[What is being asked] Give back exactly the lines of the material below, starting with the line with "HALLMARKED 9CT WHITE" and going on through the line with "Yep, I waited".

[Working data]

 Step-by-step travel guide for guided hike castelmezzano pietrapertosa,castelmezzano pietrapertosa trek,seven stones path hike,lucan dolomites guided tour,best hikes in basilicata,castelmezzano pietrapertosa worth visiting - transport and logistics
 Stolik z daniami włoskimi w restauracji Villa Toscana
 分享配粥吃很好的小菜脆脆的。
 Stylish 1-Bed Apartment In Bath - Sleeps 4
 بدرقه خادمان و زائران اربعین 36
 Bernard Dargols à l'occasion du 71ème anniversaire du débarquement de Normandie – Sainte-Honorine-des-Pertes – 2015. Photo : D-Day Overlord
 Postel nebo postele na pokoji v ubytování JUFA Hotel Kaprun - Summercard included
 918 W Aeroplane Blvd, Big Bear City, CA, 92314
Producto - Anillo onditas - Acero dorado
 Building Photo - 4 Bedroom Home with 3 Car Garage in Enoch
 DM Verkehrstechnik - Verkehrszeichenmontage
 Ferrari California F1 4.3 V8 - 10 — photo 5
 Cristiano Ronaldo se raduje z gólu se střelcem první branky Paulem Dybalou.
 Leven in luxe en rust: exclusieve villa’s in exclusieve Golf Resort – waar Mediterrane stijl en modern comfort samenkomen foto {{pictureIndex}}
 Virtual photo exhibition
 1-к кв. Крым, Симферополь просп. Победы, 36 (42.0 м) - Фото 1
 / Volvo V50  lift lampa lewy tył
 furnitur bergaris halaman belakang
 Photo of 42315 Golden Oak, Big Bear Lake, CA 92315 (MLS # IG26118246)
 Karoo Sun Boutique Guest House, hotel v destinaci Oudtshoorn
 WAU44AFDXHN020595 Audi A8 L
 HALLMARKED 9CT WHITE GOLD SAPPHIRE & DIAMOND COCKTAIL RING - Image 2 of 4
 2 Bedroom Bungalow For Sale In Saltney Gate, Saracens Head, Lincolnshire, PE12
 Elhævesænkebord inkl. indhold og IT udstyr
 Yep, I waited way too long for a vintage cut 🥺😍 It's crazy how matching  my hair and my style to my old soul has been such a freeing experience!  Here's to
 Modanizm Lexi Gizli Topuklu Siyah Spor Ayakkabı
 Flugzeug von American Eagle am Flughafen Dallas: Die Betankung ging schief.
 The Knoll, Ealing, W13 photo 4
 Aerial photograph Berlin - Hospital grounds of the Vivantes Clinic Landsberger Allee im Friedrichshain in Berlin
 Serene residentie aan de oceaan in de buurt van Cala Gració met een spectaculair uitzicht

[Solution for this problem]
 HALLMARKED 9CT WHITE GOLD SAPPHIRE & DIAMOND COCKTAIL RING - Image 2 of 4
 2 Bedroom Bungalow For Sale In Saltney Gate, Saracens Head, Lincolnshire, PE12
 Elhævesænkebord inkl. indhold og IT udstyr
 Yep, I waited way too long for a vintage cut 🥺😍 It's crazy how matching  my hair and my style to my old soul has been such a freeing experience!  Here's to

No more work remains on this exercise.